Maintenant, il va m’attendre, présuma Ragle. Aussitôt, il déboîta et s’engagea sur la voie de gauche de manière à garder une voie d’écart entre le motard et lui. Selon son calcul, le policier s’arrêterait sur le bas-côté. Ragle ralentit de sorte que les voitures qui le suivaient furent obligées de le doubler sur la droite, épaississant ainsi le flux de ce côté.

Il entrevit furtivement la moto arrêtée sur l’accotement. Le policier en uniforme scrutait le flot des véhicules, mais ne vit pas passer le petit camion jaune. Quelques secondes plus tard, à bonne distance, Ragle était en sécurité. Alors seulement il décida d’aller plus vite et s’échappa pour la première fois du peloton.

Il ne tarda pas à apercevoir le panneau qu’il guettait.

Mais ne vit pas la station Seaside où il était censé se rendre.

Bizarre, songea-t-il.

Il se dit qu’il avait intérêt à quitter cette route pour éviter une nouvelle poursuite. Il était sans nul doute en infraction : le pare-chocs du camion n’était peut-être pas muni de plaques réfléchissantes réglementaires. N’importe quelle excuse qui pût permettre à l’appareil de se mettre en marche pour l’enserrer dans ses rouages.
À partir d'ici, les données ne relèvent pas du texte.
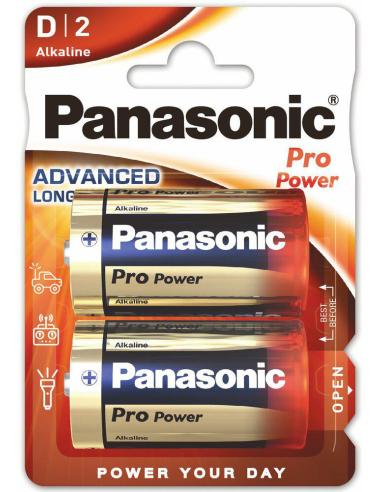 Bateria D / LR20 PANASONIC PRO POWER (blister 2 szt.)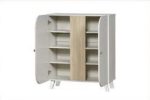 EDWD5802(SC-2.5F)S000BC Side Cabinet - White - Image 4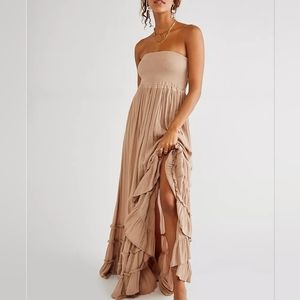 Free People Extratropical Maxi Dress💗🔥Best 5,5+ or heels I am 5’2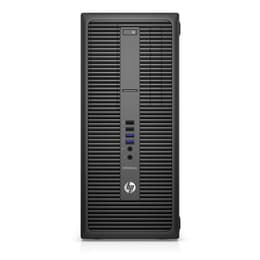 HP EliteDesk 800 G2 Tower Core i7 3.4 GHz - SSD 128 GB RAM 8 GB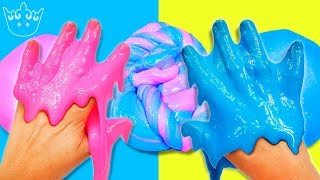 Como Hacer SLIME  Sin Borax ni Liquido para Lentillas [upl. by Reidar183]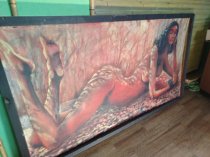 картина Ю. Эсауленко Тропиканка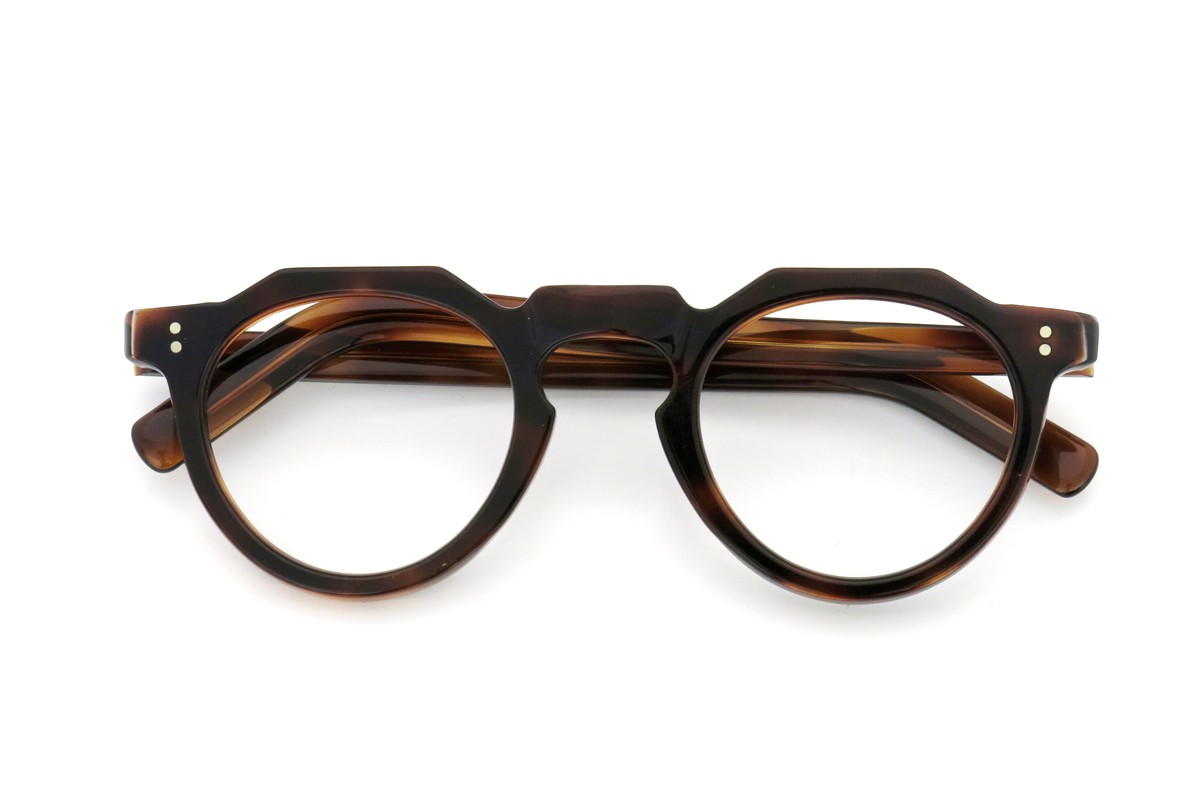 LESCA LUNETIER HAND MADE GLASSES - The Rebel Dandy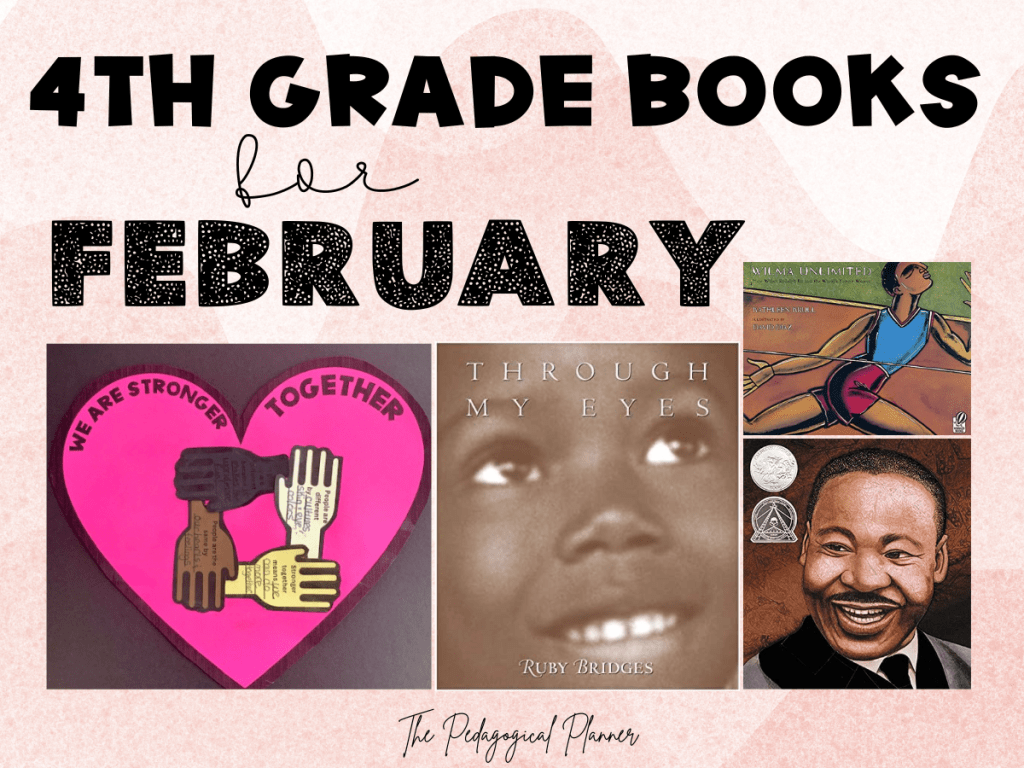 4th Grade Books for&nbsp;February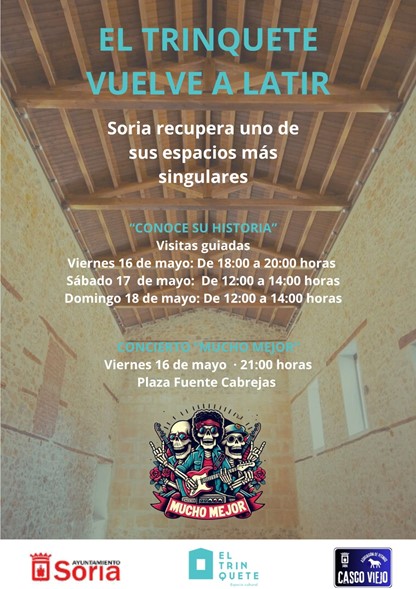 El hist&oacute;rico trinquete de Soria reabre sus puertas: as&iacute; puedes visitarlo este fin de semana con visitas guiadas y m&uacute;sica | Imagen 1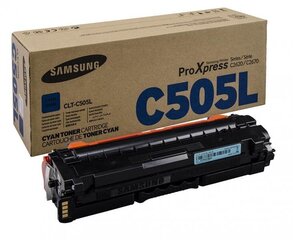 Тонер C - Samsung CLT-C505L C505L  цена и информация | Картриджи для лазерных принтеров | pigu.lt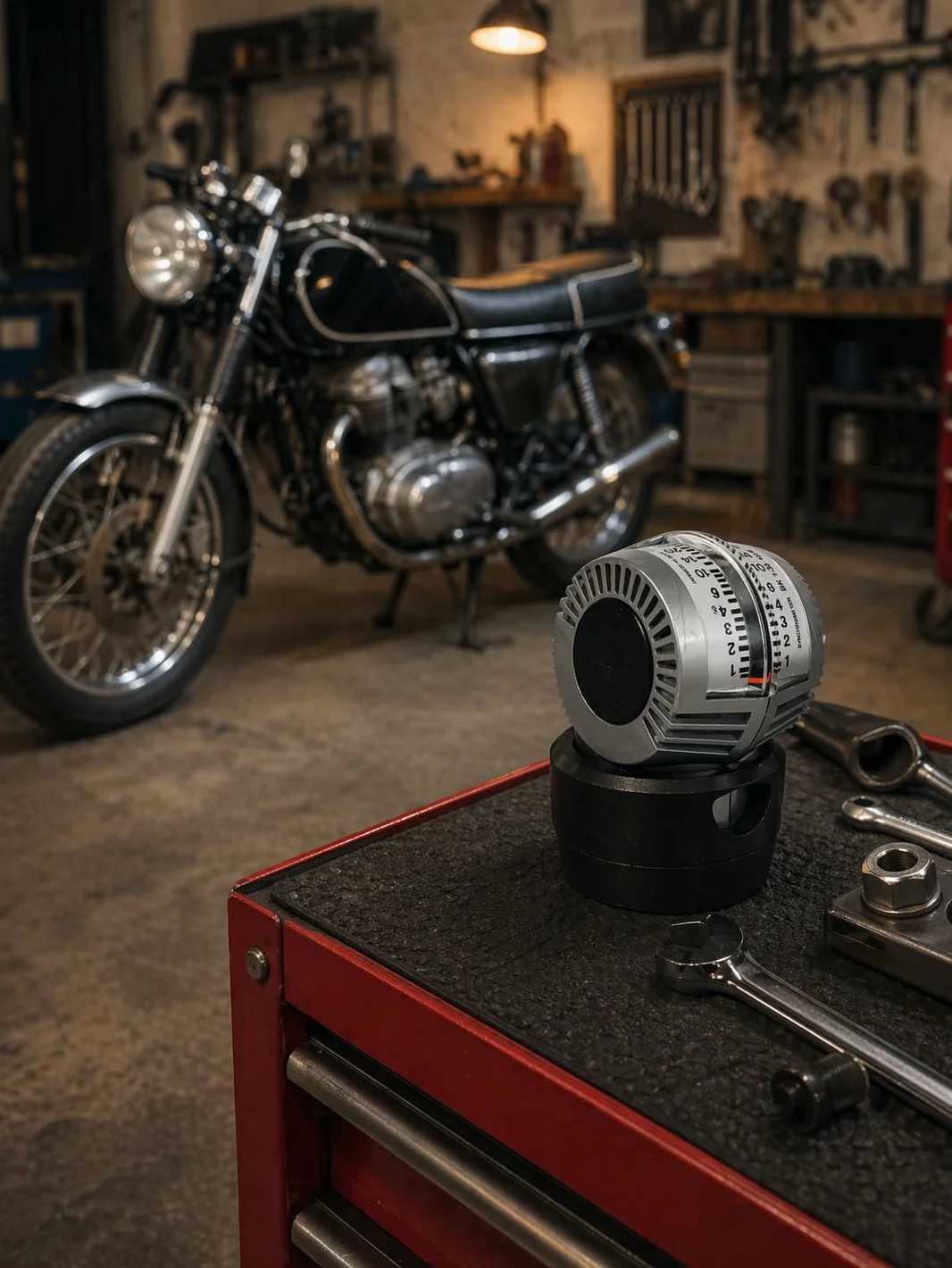 Schleyer STE Synchrometer Vergaser Balancer - Präzisions-Luftmengenmesser für Vergaser-Synchronisation - Fit für Motorräder und Multi-Carb-Motoren (BK1-35)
C’est ma psychose, je le sais, mais je refuse malgré tout de me faire prendre.

Il tendit le bras et quitta la route ; le camion s’enfonça en cahotant dans un champ sale et encroûté. Dès l’arrêt, Ragle coupa le moteur et éteignit les phares en songeant que personne ainsi ne le remarquerait. Mais où diable se trouvait-il ? Et qu’allait-il faire ensuite ?

Hissant le cou, il fouilla en vain l’horizon pour y déceler un signe trahissant l’existence de la station Seaside. Au-delà de l’intersection éclairée où une petite route franchissait l’axe fréquenté qui menait à la ville, les ténèbres reprenaient leurs droits.

Plus loin, l’œil exercé pouvait distinguer une enseigne au néon isolée.

Je vais aller y jeter un coup d’œil, décida-t-il. Ou puis-je prendre le risque de rejoindre la route ?

Il patienta jusqu’à ce qu’il vît arriver une meute compacte qu’il devança d’un quart de seconde en lançant son camion sur la route, le moteur rugissant. Si un motard survenait, ses feux arrière seraient noyés dans l’ensemble, et par conséquent difficilement repérables.

Ragle se rendit bientôt compte que l’enseigne annonçait un relais. Soudaine illumination – un parking couvert de gravier. De hautes lettres droites :

 

FRANK’S BAR-B-Q AND DRINKS

 

Les baies toutes de lumière d’un bâtiment pentagonal à un étage, enduit de stuc, de type moderne. Quelques voitures seulement garées devant. Ragle fit signe et s’engagea prestement sur le parking ; le camion s’arrêta de justesse à un doigt du mur de l’établissement. Tout tremblant, il passa la première et mena son véhicule à l’abri des regards, de l’autre côté, parmi les poubelles et les amas de caisses de l’entrée des fournisseurs.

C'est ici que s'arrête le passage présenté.